I see that this is “all optical” like the “Back in 2011, researchers from MIT created a high-speed camera that captured light passing through an empty bottle in slow motion”. Great.

So far as I can tell, the process works as follows. An femtosecond laser pulse is fed into a “temporal mapping device” which turns it into a series of femtosecond laser pulses (like a strobe light). It could be that this works by giving each pulse a different frequency. This laser pulses then pass through the object to be measured. The transmitted light is picked up by a “spatial sequencing device” that deflects each pulse into a different location (If each pulse has a different frequency then a prism will do this). From there it foes to an image sensor (like a CCD or CMOS chip) and to a computer.

So it’s a transmission optical microscope.

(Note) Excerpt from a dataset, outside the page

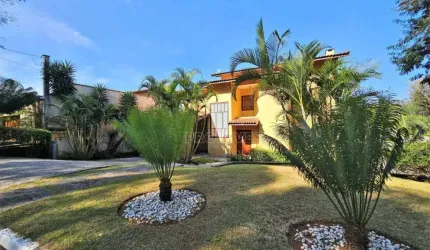 Casa em condomínio na Granja Viana!!!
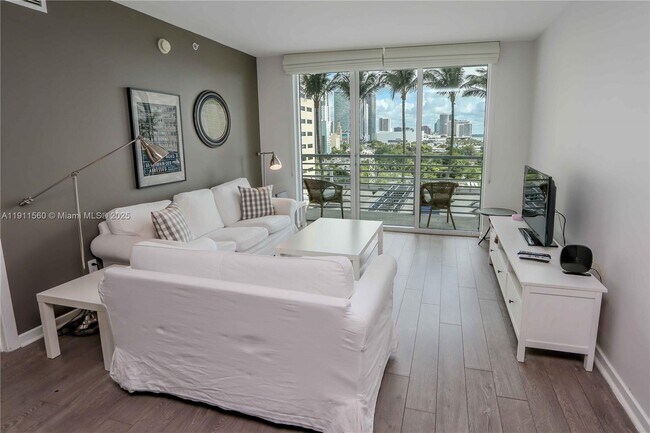 Building Photo - 325 S Biscayne Blvd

Not surprisingly, the faster it’s run, the more difficulty the “temporal mapping device” has in separating out the different times. It struggles with a frame interval of 230 femtoseconds but gives good temporal separation at a frame interval of 800 femtoseconds, and perfect temporal separation at a frame rate of 15500 femtoseconds (15.5 picoseconds). A plasma burst generated by a femtosecond laser hitting a glass plate was photographed at a frame rate of 15.5 picoseconds. In a second experiment, a heat pulse wave induced in a crystal by a femtosecond laser blast caused light scattering that was picked up by the camera.